(Short descriptive text snippets)
+++

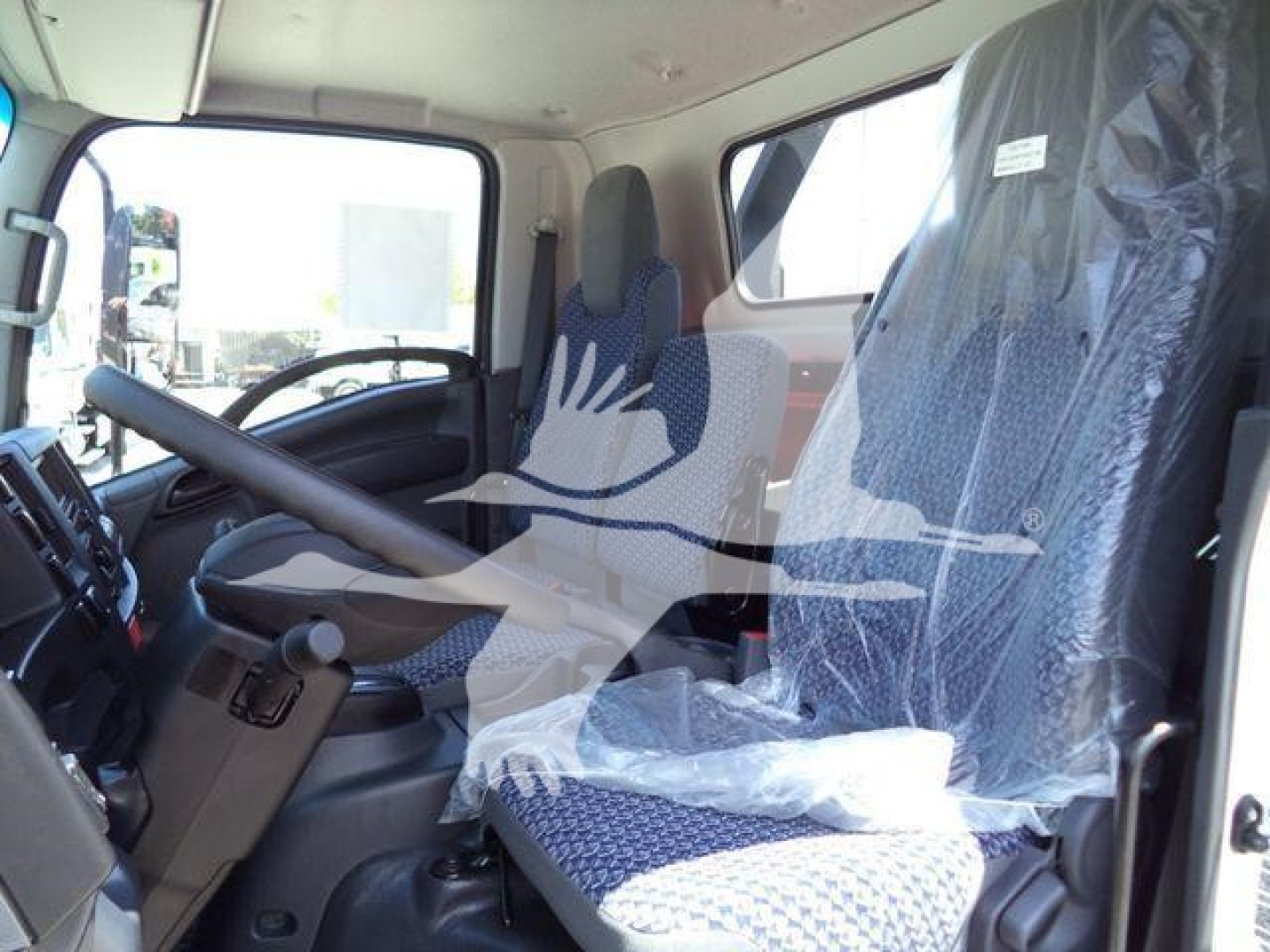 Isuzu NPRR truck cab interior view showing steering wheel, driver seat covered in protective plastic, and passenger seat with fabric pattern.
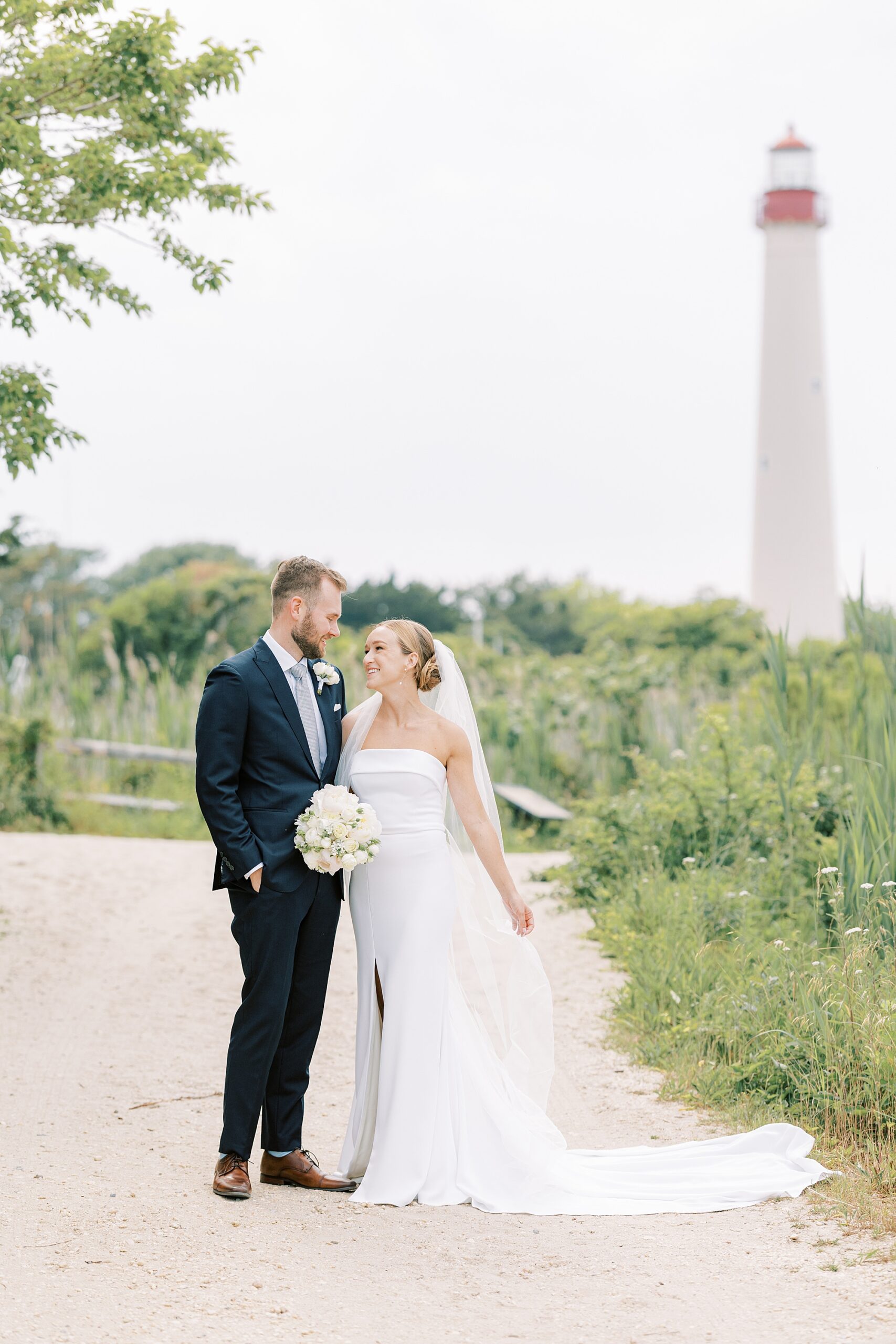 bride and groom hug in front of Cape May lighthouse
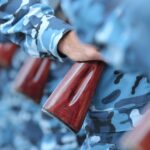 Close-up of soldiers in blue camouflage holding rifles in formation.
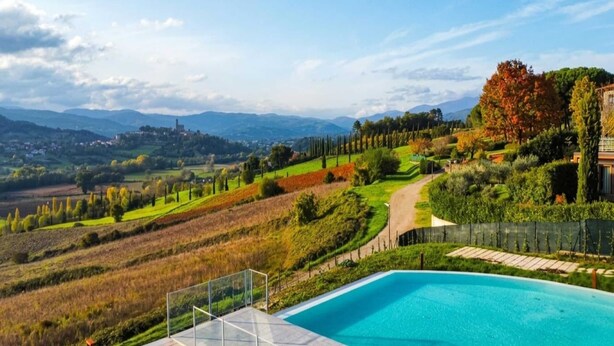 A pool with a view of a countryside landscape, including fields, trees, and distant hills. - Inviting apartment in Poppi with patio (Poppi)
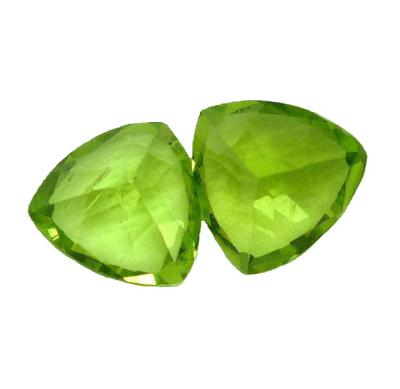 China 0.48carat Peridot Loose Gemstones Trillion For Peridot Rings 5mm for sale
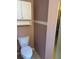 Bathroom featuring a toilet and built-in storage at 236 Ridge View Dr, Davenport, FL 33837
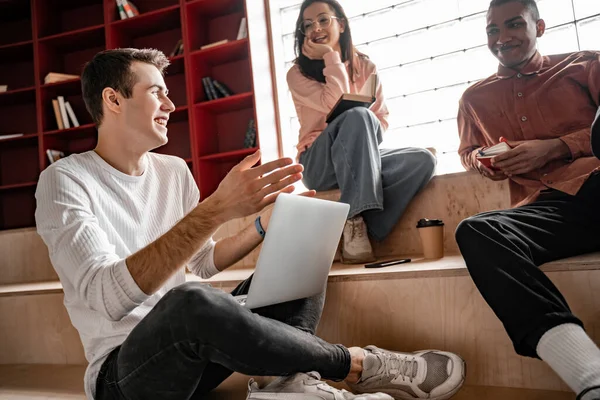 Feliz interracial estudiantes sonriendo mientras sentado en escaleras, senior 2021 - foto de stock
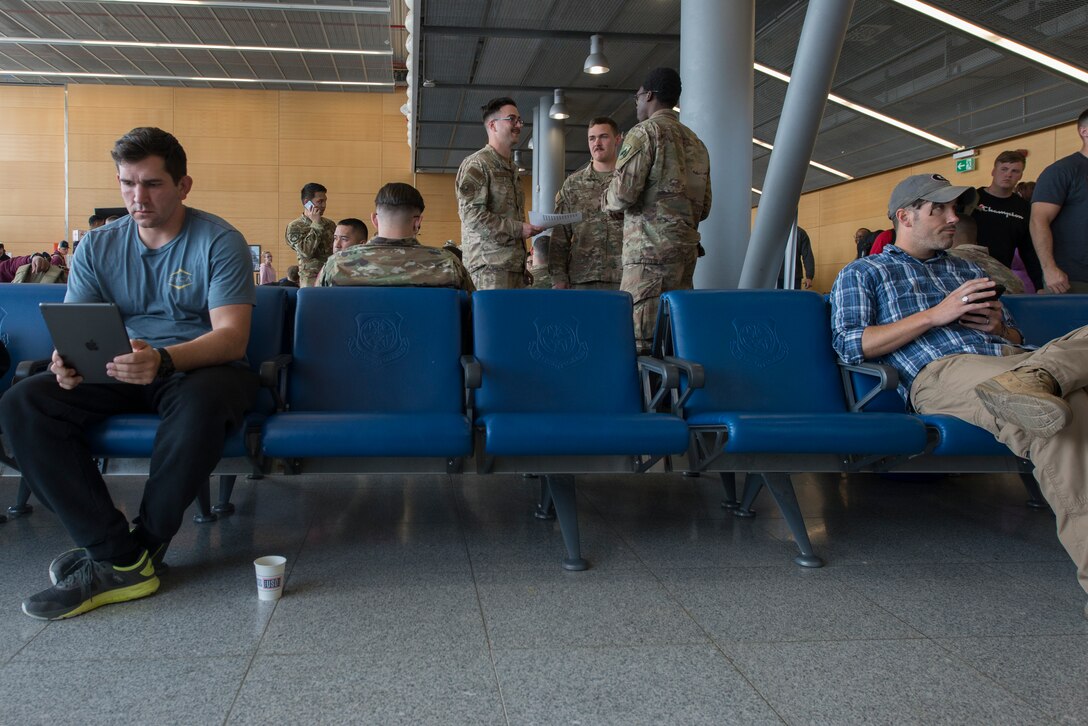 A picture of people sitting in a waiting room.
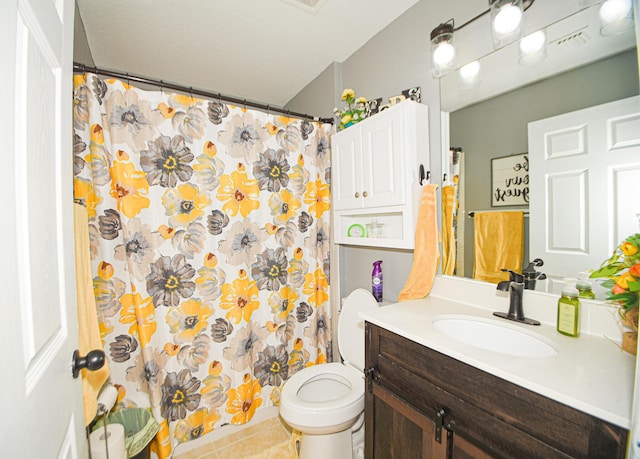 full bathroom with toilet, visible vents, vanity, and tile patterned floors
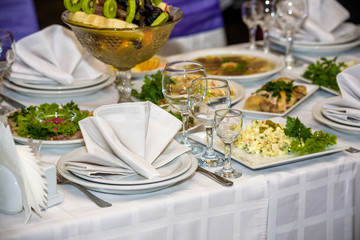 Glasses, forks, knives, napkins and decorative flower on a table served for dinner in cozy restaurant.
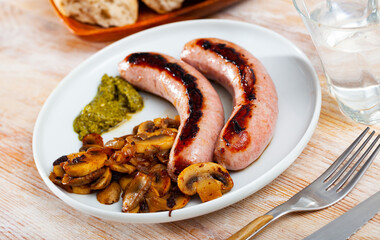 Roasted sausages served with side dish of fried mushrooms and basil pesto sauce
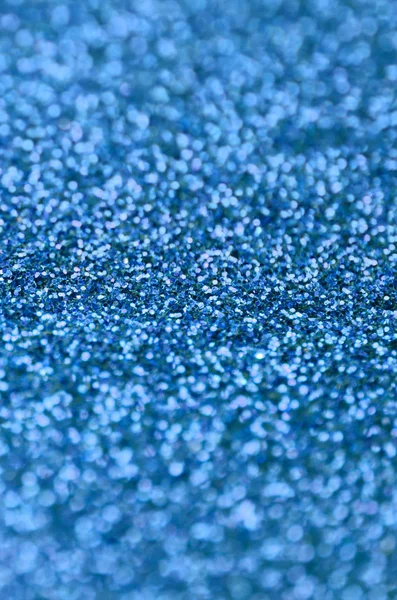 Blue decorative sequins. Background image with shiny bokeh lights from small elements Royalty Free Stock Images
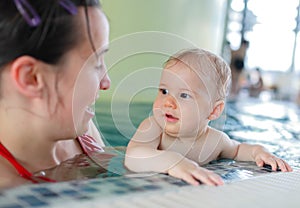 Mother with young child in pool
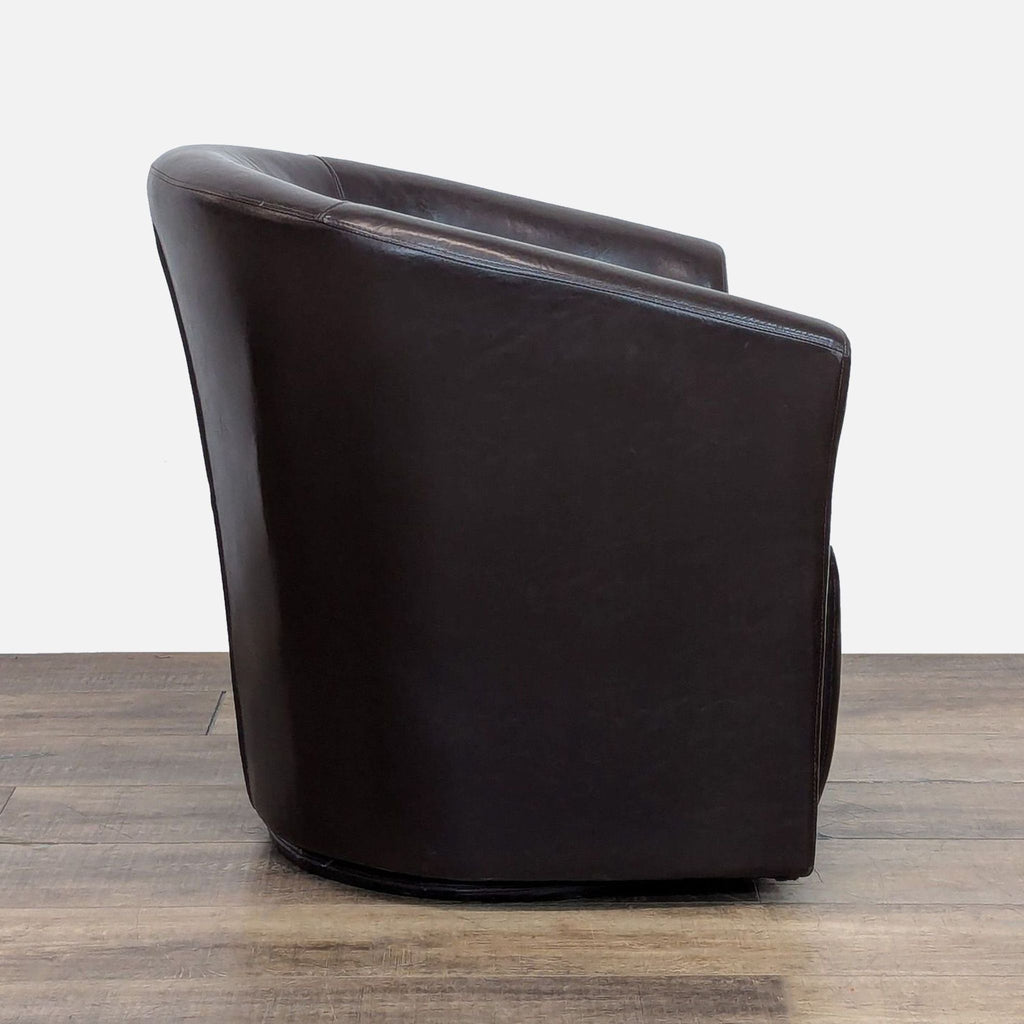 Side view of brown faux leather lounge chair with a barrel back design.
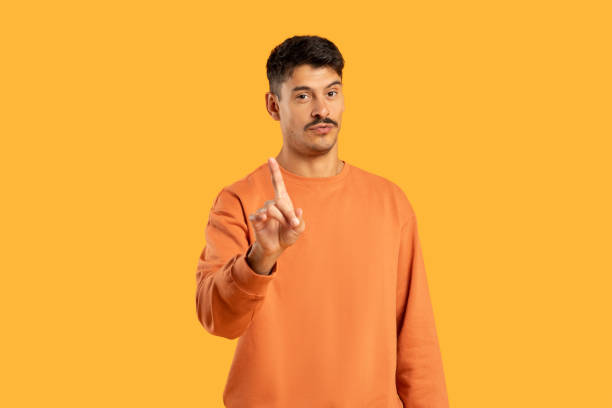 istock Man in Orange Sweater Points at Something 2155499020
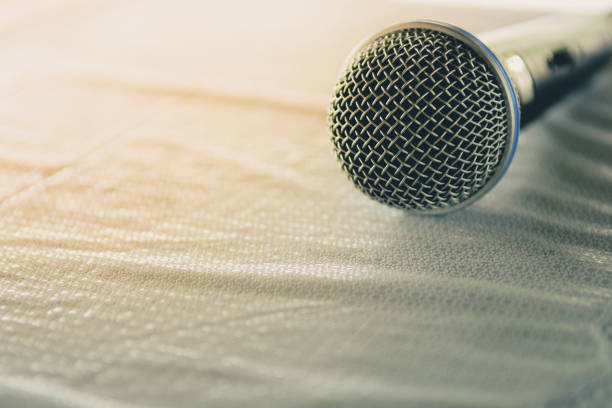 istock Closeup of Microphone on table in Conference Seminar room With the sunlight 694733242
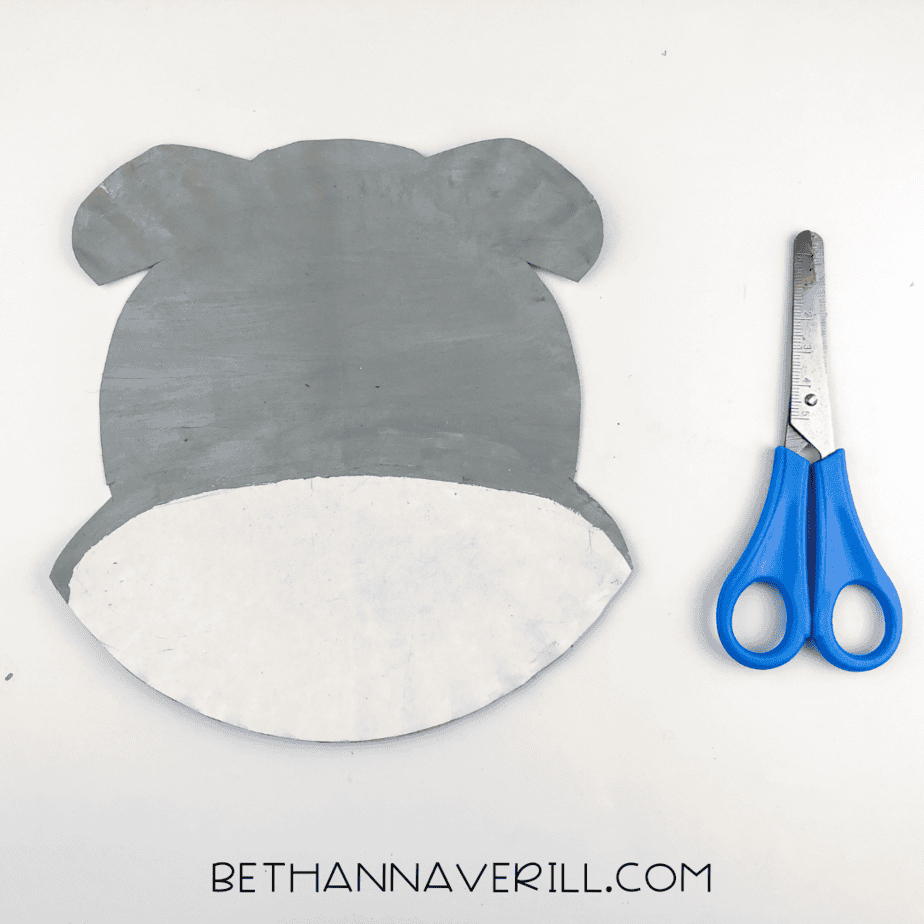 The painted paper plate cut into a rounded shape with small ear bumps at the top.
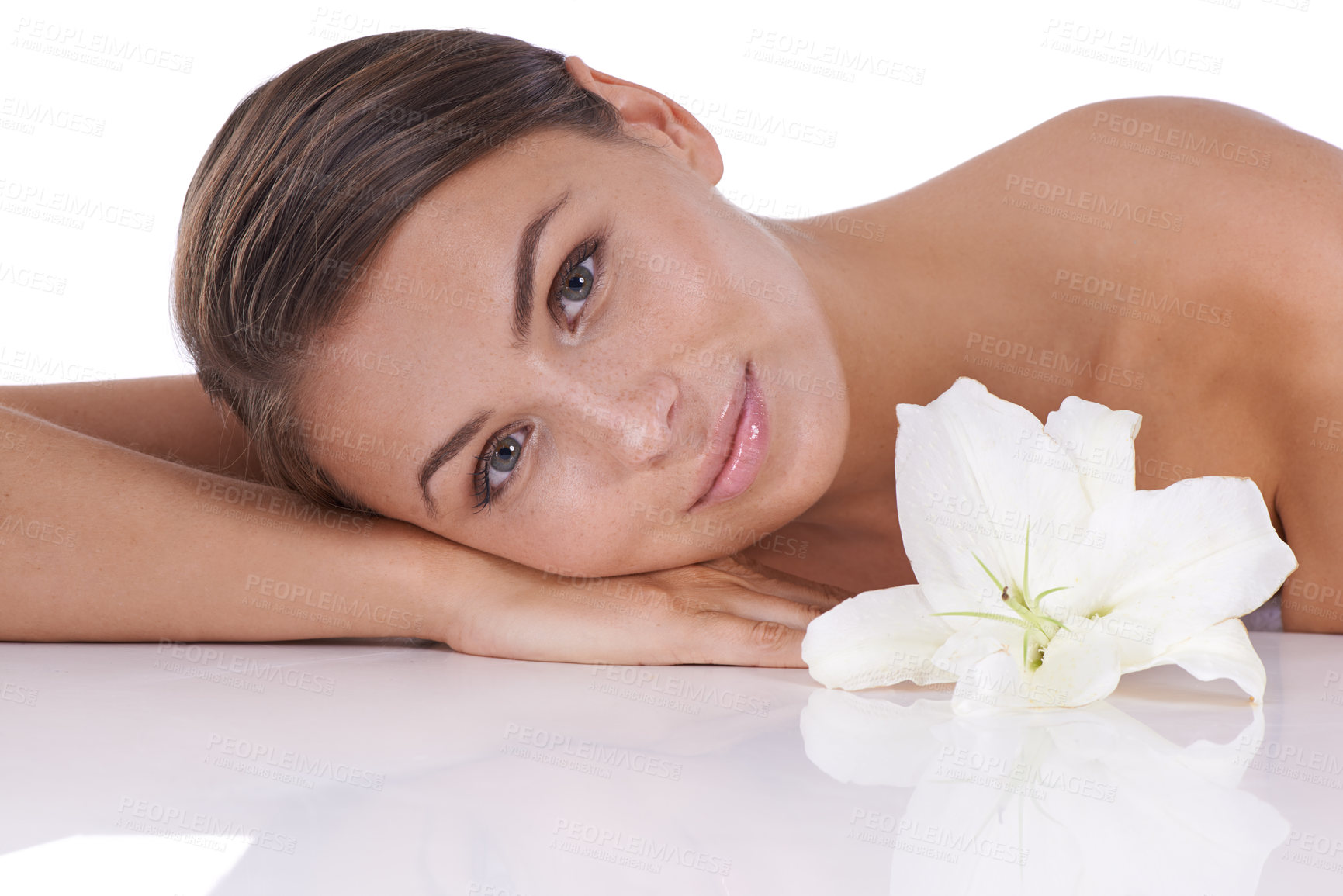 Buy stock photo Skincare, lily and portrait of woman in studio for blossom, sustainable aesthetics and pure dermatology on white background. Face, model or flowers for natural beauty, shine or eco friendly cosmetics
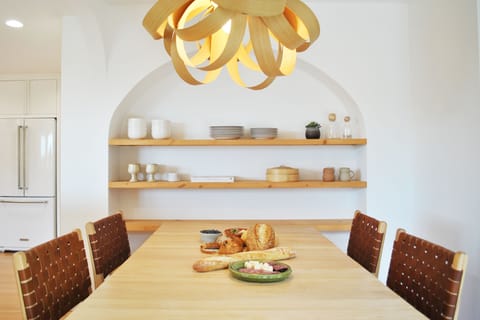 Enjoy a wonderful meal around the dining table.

+++

» **Required work**: The reply needs to repeat exactly the line containing "Mother with young child in pool" and each line after it, through the final line of the entries above, and to skip the pictures.

» **Task result**:
 Mother with young child in pool
 Side view of brown faux leather lounge chair with a barrel back design.
 istock Man in Orange Sweater Points at Something 2155499020
 istock Closeup of Microphone on table in Conference Seminar room With the sunlight 694733242
 The painted paper plate cut into a rounded shape with small ear bumps at the top.
 Buy stock photo Skincare, lily and portrait of woman in studio for blossom, sustainable aesthetics and pure dermatology on white background. Face, model or flowers for natural beauty, shine or eco friendly cosmetics
 Enjoy a wonderful meal around the dining table.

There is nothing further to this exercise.